- **Task statement**:
All the lines below need to be transcribed exactly. Pictures get left out.

- **Raw data**:
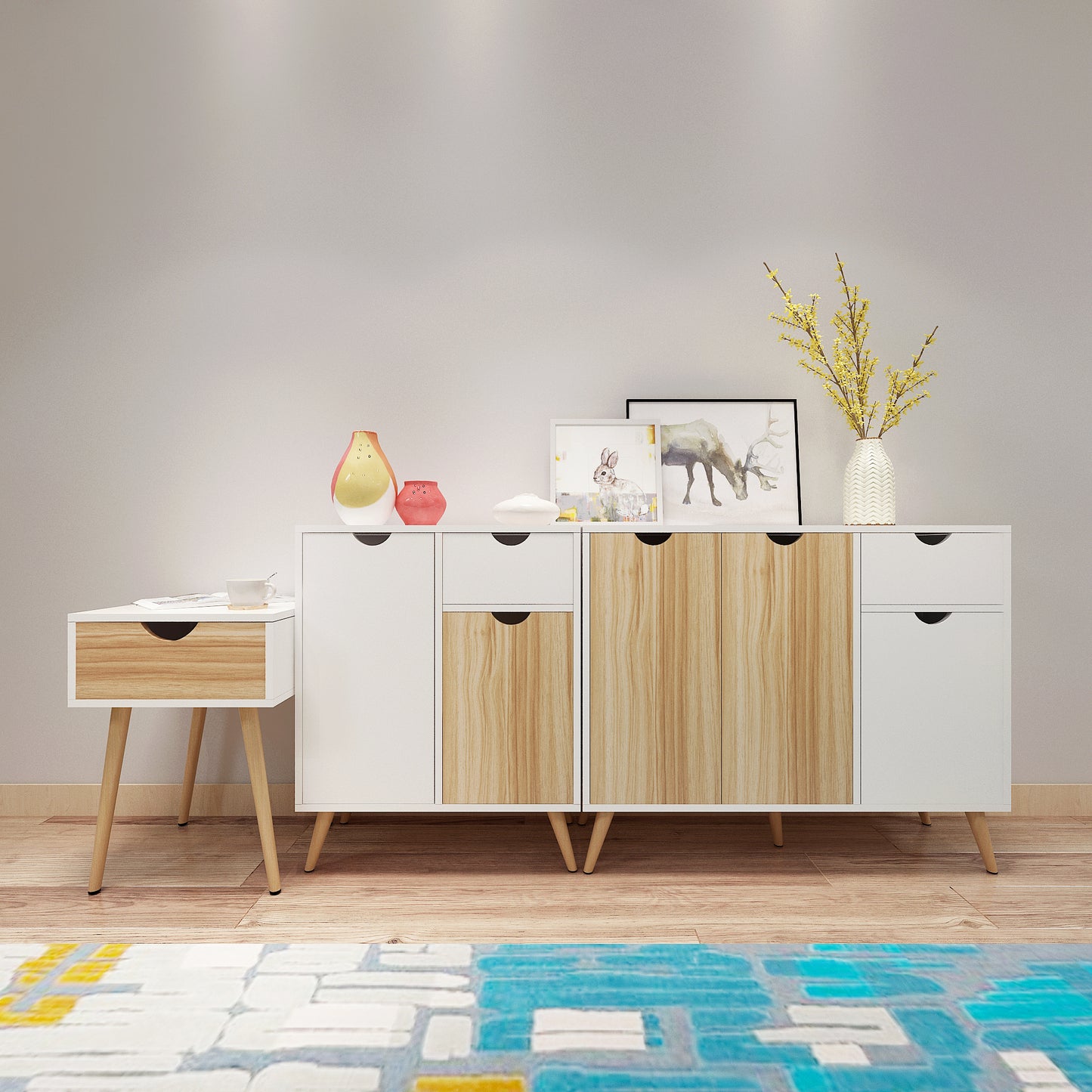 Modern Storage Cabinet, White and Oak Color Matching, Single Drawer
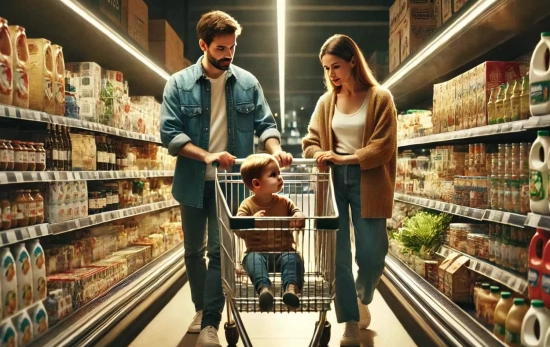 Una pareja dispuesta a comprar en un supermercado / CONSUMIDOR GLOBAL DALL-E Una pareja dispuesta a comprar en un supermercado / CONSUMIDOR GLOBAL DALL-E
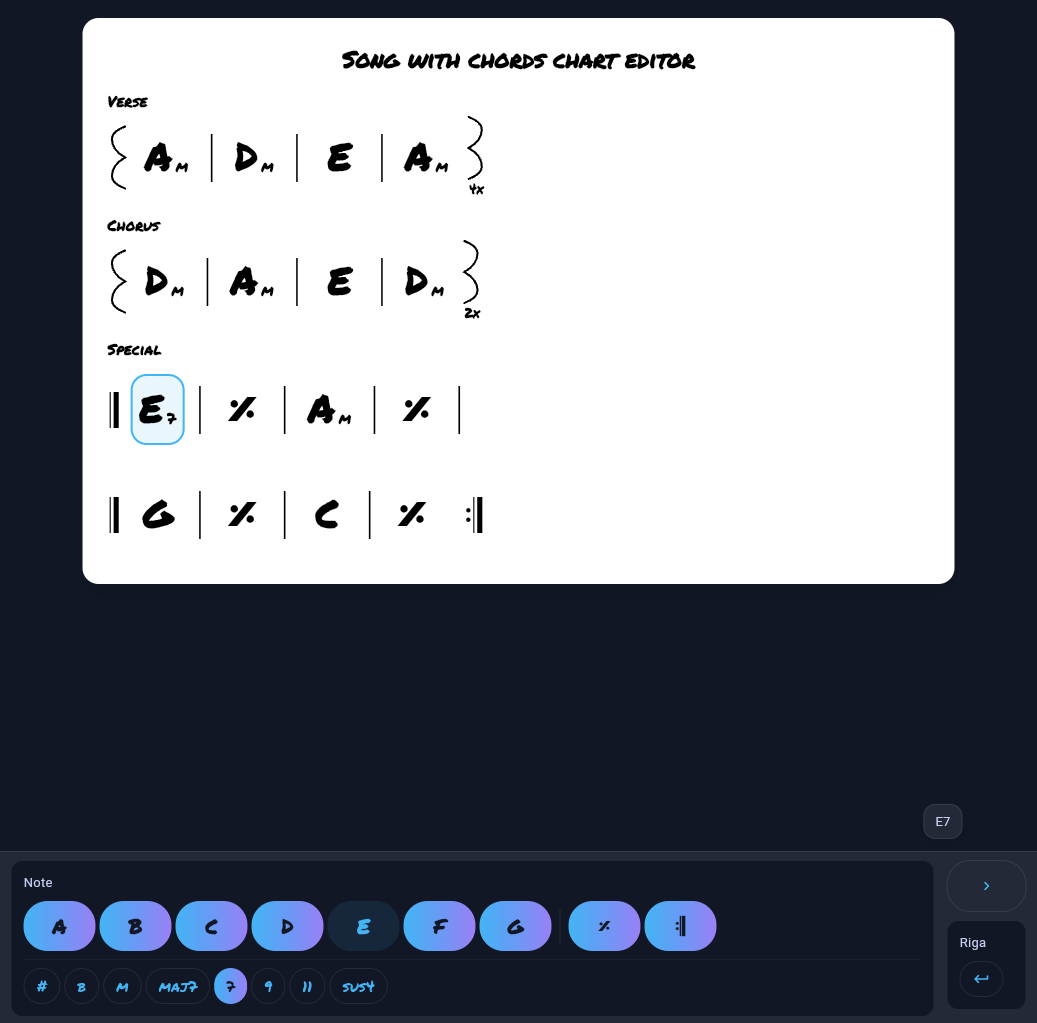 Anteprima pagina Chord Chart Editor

- **Task answer**:
 Modern Storage Cabinet, White and Oak Color Matching, Single Drawer
 Una pareja dispuesta a comprar en un supermercado / CONSUMIDOR GLOBAL DALL-E Una pareja dispuesta a comprar en un supermercado / CONSUMIDOR GLOBAL DALL-E
 Anteprima pagina Chord Chart Editor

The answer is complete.